--- Raw data ---
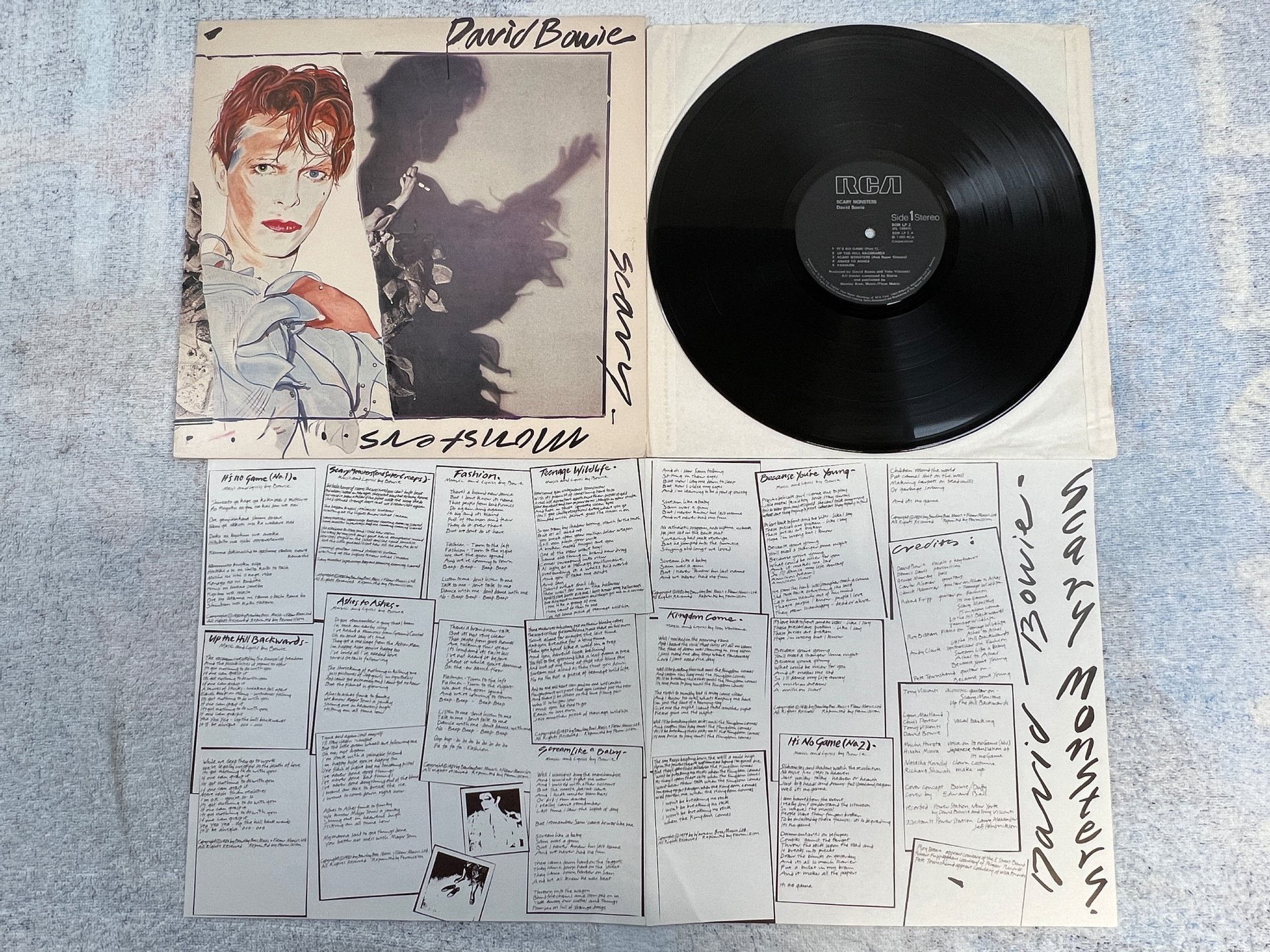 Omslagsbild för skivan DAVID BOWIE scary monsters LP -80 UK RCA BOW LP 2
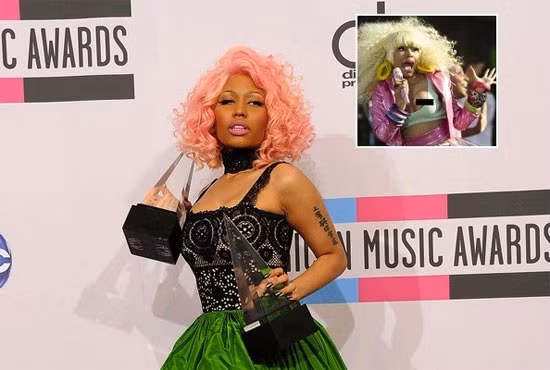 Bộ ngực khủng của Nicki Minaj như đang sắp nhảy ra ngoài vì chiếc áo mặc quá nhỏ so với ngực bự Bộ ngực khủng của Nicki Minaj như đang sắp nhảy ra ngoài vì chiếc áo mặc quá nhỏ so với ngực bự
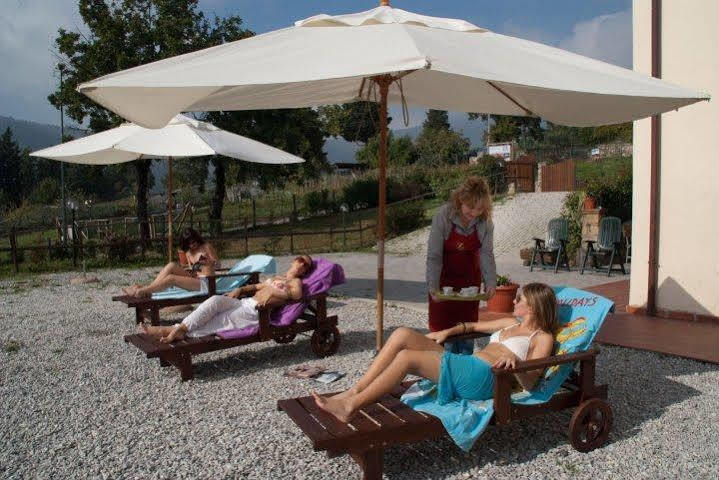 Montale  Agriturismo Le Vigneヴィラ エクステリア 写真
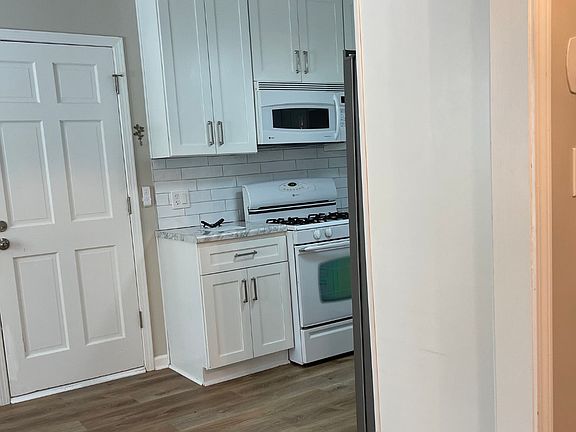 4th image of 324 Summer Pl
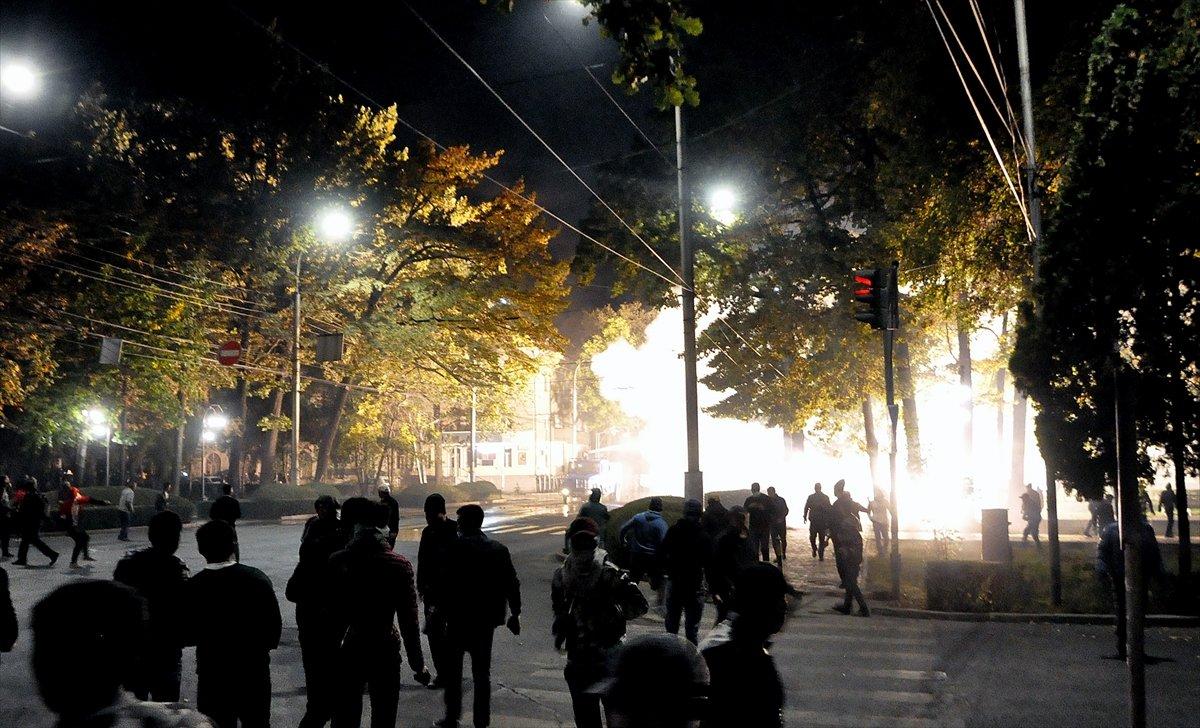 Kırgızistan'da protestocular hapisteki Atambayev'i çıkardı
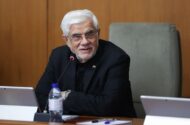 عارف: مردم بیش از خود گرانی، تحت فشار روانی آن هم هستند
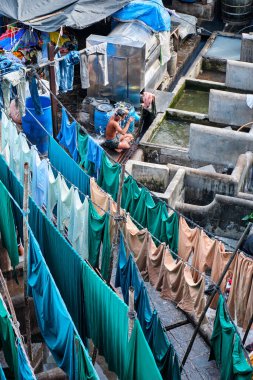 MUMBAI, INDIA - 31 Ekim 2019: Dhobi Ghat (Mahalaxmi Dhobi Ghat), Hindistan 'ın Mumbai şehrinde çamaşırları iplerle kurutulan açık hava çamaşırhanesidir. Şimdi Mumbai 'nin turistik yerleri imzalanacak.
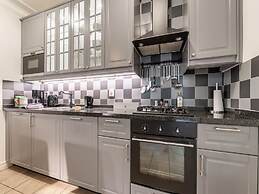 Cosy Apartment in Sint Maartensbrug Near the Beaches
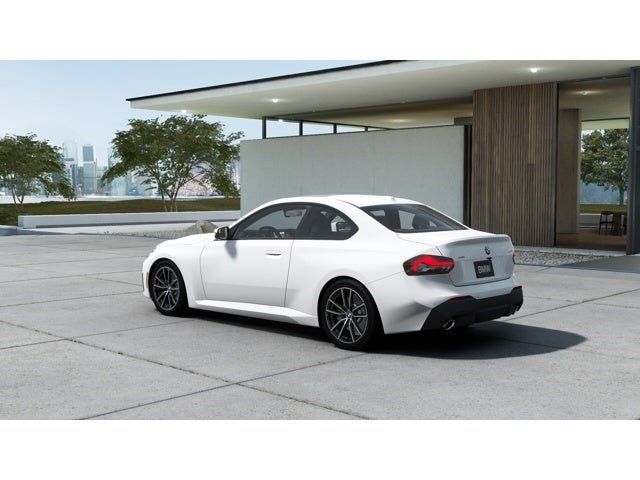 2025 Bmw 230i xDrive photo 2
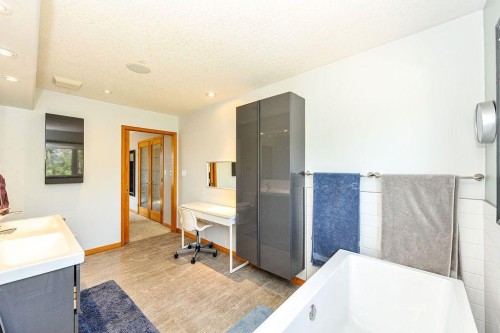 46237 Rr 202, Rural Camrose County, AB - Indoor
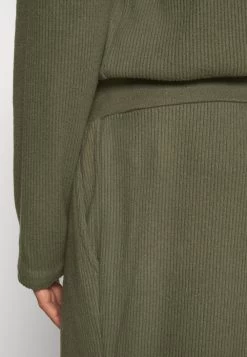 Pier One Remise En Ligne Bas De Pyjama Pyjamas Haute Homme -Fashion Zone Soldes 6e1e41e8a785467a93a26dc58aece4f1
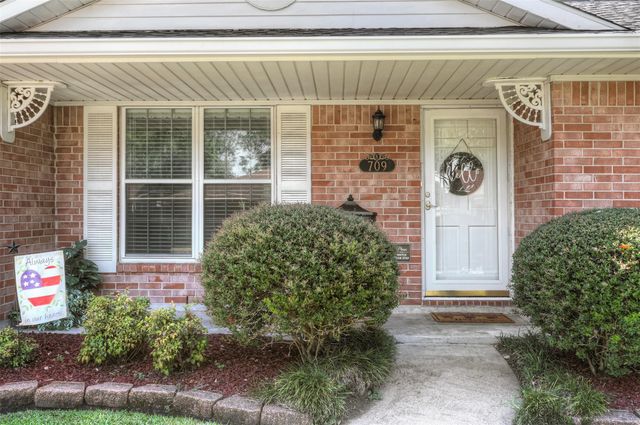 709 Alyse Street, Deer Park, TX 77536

==

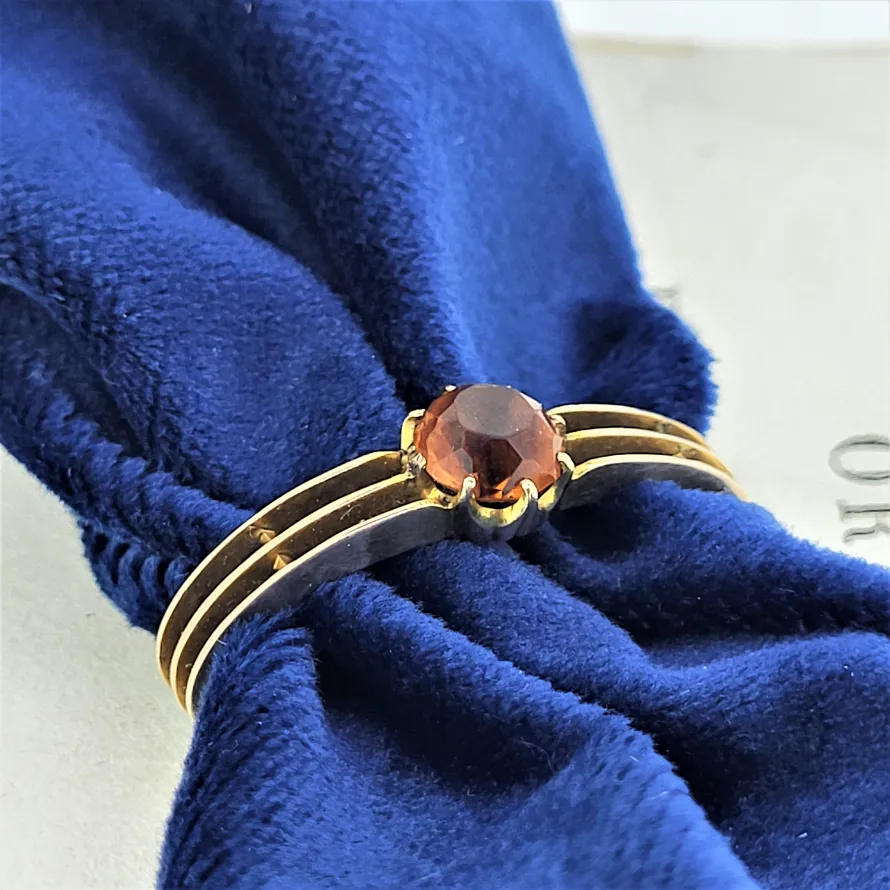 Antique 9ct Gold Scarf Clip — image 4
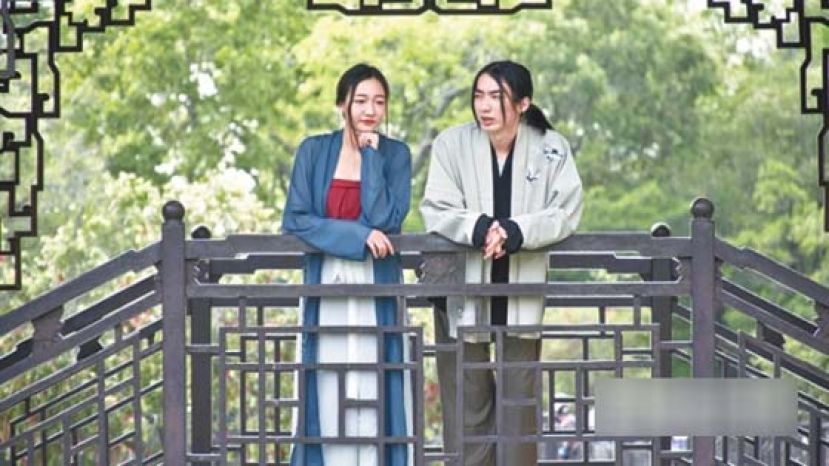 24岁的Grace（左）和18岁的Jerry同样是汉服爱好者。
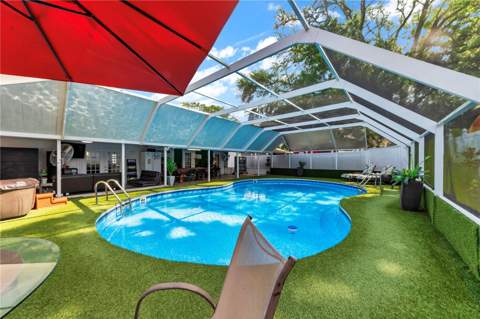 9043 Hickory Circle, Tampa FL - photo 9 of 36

--- Description of the task ---
From the entries above, copy exactly the lines starting at the one with "với ngực bự Bộ" and stopping at the one with "709 Alyse Street, Deer Park, TX 77536", keeping both ends. Drop the pictures.

--- Task response ---
 Bộ ngực khủng của Nicki Minaj như đang sắp nhảy ra ngoài vì chiếc áo mặc quá nhỏ so với ngực bự Bộ ngực khủng của Nicki Minaj như đang sắp nhảy ra ngoài vì chiếc áo mặc quá nhỏ so với ngực bự
 Montale  Agriturismo Le Vigneヴィラ エクステリア 写真
 4th image of 324 Summer Pl
 Kırgızistan'da protestocular hapisteki Atambayev'i çıkardı
 عارف: مردم بیش از خود گرانی، تحت فشار روانی آن هم هستند
 MUMBAI, INDIA - 31 Ekim 2019: Dhobi Ghat (Mahalaxmi Dhobi Ghat), Hindistan 'ın Mumbai şehrinde çamaşırları iplerle kurutulan açık hava çamaşırhanesidir. Şimdi Mumbai 'nin turistik yerleri imzalanacak.
 Cosy Apartment in Sint Maartensbrug Near the Beaches
 2025 Bmw 230i xDrive photo 2
 46237 Rr 202, Rural Camrose County, AB - Indoor
 Pier One Remise En Ligne Bas De Pyjama Pyjamas Haute Homme -Fashion Zone Soldes 6e1e41e8a785467a93a26dc58aece4f1
 709 Alyse Street, Deer Park, TX 77536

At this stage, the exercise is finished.